WHAT YOU ARE ASKED TO DO ->
If a record below holds a picture, leave the picture out and copy the rest exactly.

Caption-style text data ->

--

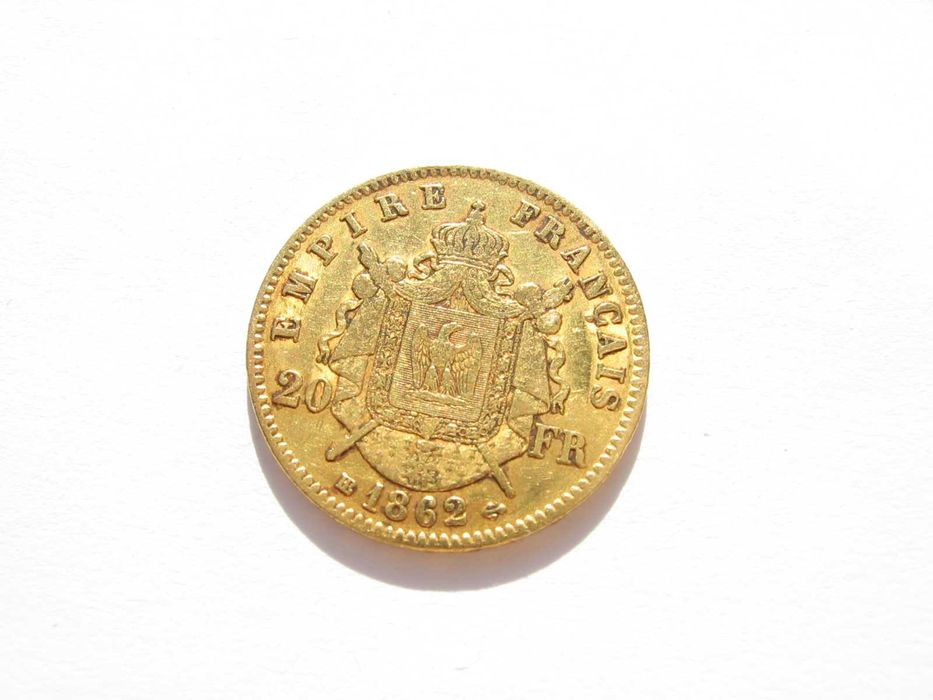 Золотая монета 20 Франков 1854г-6.42грамм-Франц.Республика-Наполеон 3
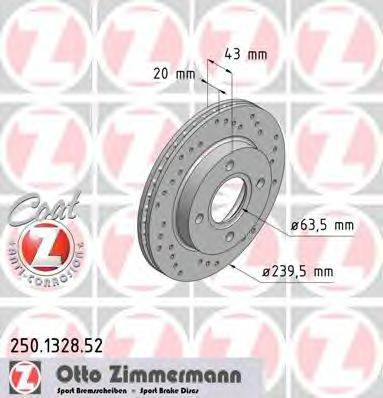 ZIMMERMANN 250132852 гальмівний диск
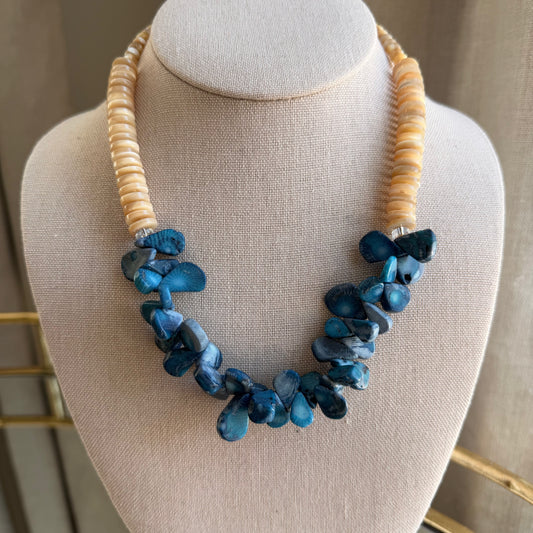 Beachy: blue coral and shells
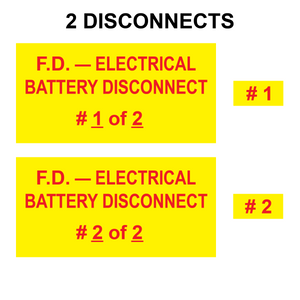 F.D. - Electrical Battery Disconnect Bundle, Plastic, PV-505 Solar Labels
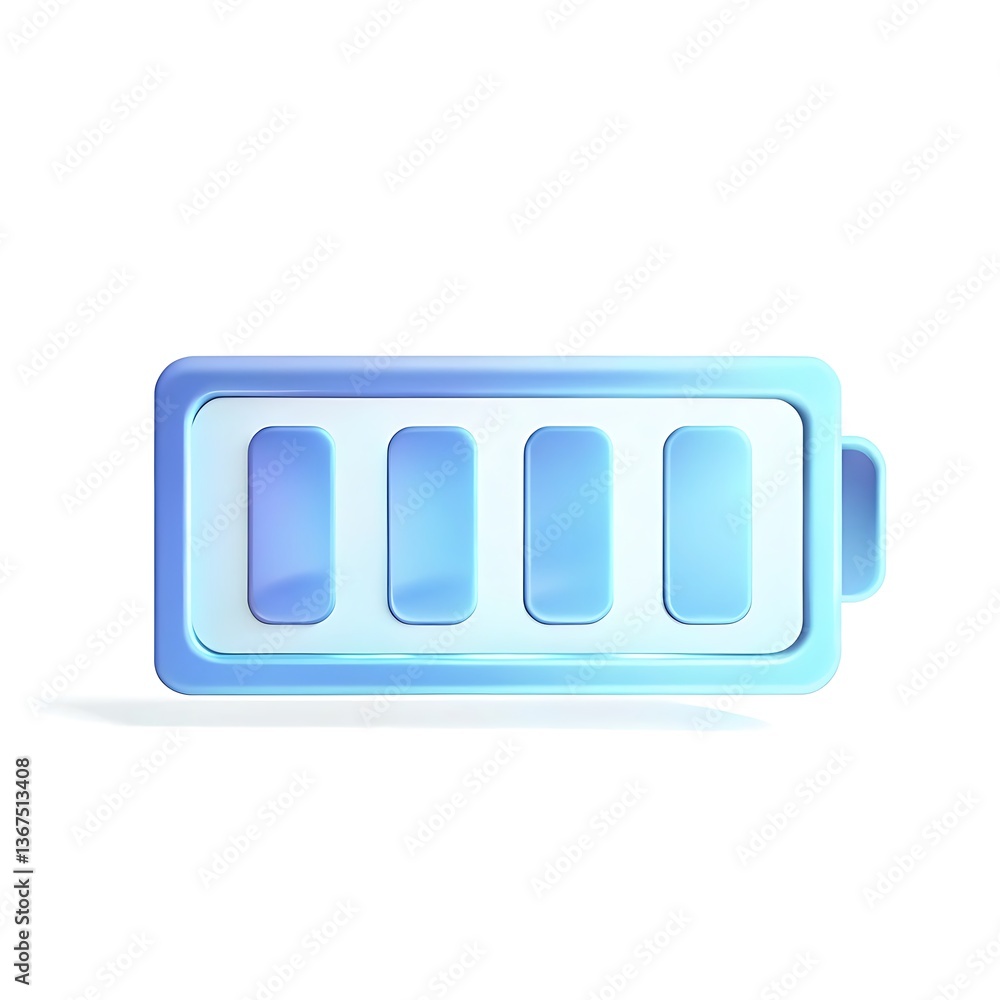 Poster blue battery icon full charge level indicator 3d render design element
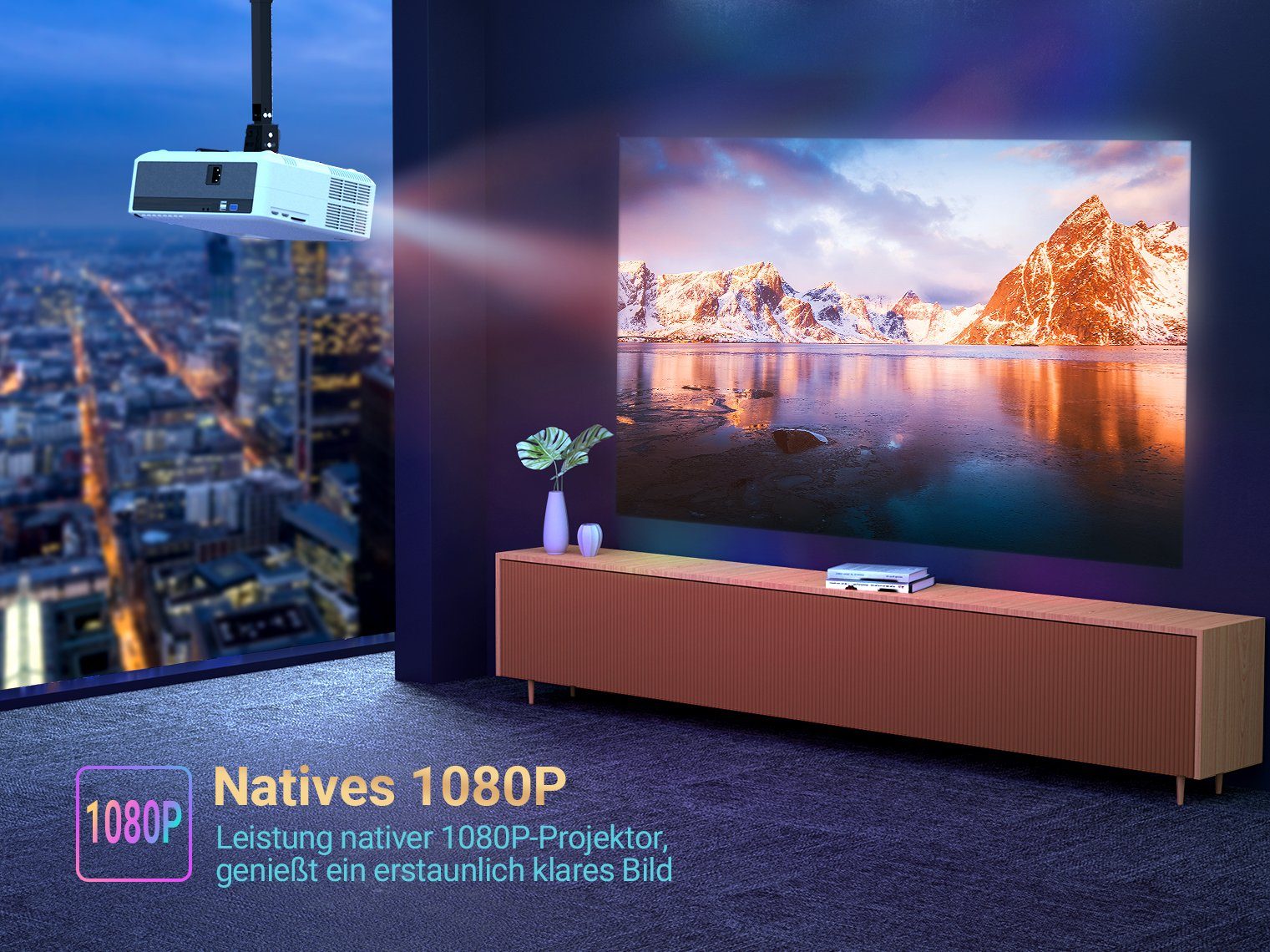 VANKYO Performance V630W Beamer (7000 lm, 1000:1, 1920*1080 px, WiFi Mini Beamer 7000 Lux Full HD, Heimkino, Support HDMI iOS/Android)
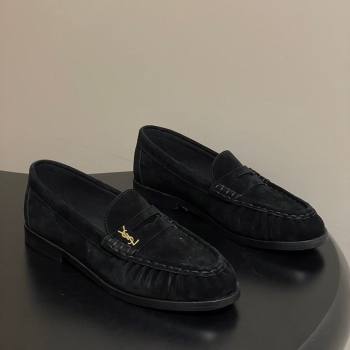 Saint Laurent Le Loafers Penny Slippers in Suede Black/Gold 2025 7668790 (MD-251215010)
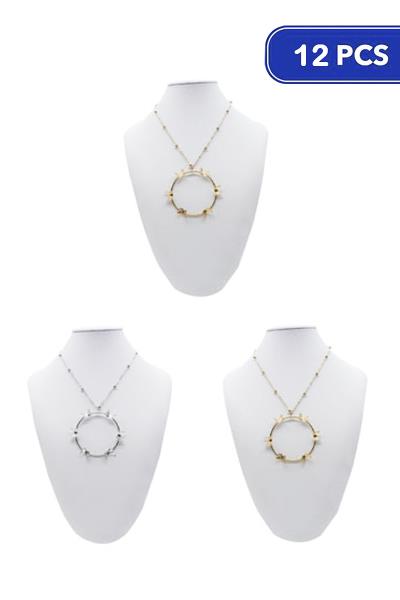 Metal Butterfly Pendant Necklace (12 Units)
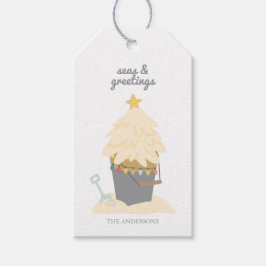 Etiqueta Para Presente Balde de Areia de Natal de Praia
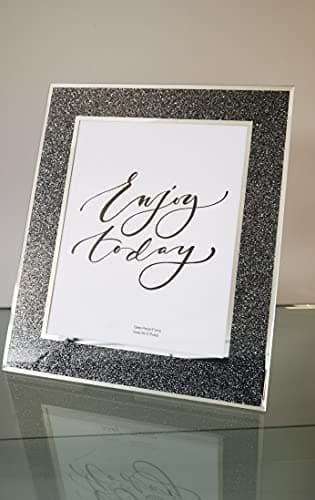 Image of 8x10 inch BLACK GLITTER PHOTO FRAME GLITTER GLASS FRAME DECOR PHOTO FRAME SPARKLE GIFT WEDDING FRIENDS FOR DESK OR WALL HANG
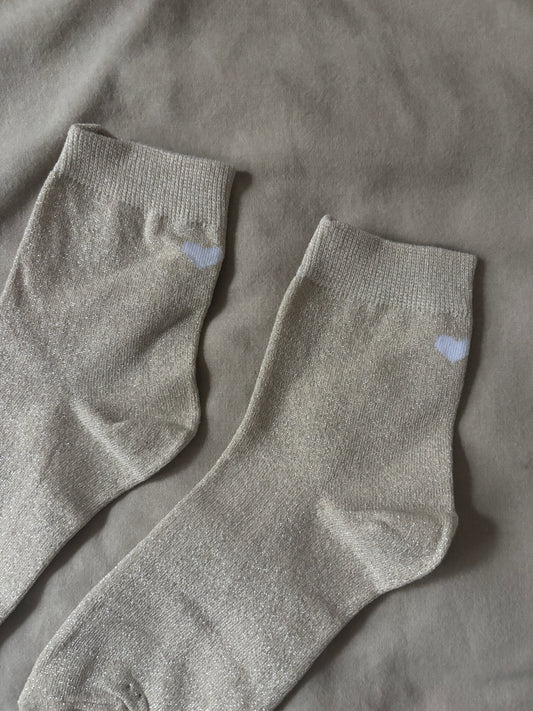 Chaussettes paillettes beige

--

WRITTEN RESPONSE ->
 Золотая монета 20 Франков 1854г-6.42грамм-Франц.Республика-Наполеон 3
 ZIMMERMANN 250132852 гальмівний диск
 Beachy: blue coral and shells
 F.D. - Electrical Battery Disconnect Bundle, Plastic, PV-505 Solar Labels
 Poster blue battery icon full charge level indicator 3d render design element
 VANKYO Performance V630W Beamer (7000 lm, 1000:1, 1920*1080 px, WiFi Mini Beamer 7000 Lux Full HD, Heimkino, Support HDMI iOS/Android)
 Saint Laurent Le Loafers Penny Slippers in Suede Black/Gold 2025 7668790 (MD-251215010)
 Metal Butterfly Pendant Necklace (12 Units)
 Etiqueta Para Presente Balde de Areia de Natal de Praia
 Image of 8x10 inch BLACK GLITTER PHOTO FRAME GLITTER GLASS FRAME DECOR PHOTO FRAME SPARKLE GIFT WEDDING FRIENDS FOR DESK OR WALL HANG
 Chaussettes paillettes beige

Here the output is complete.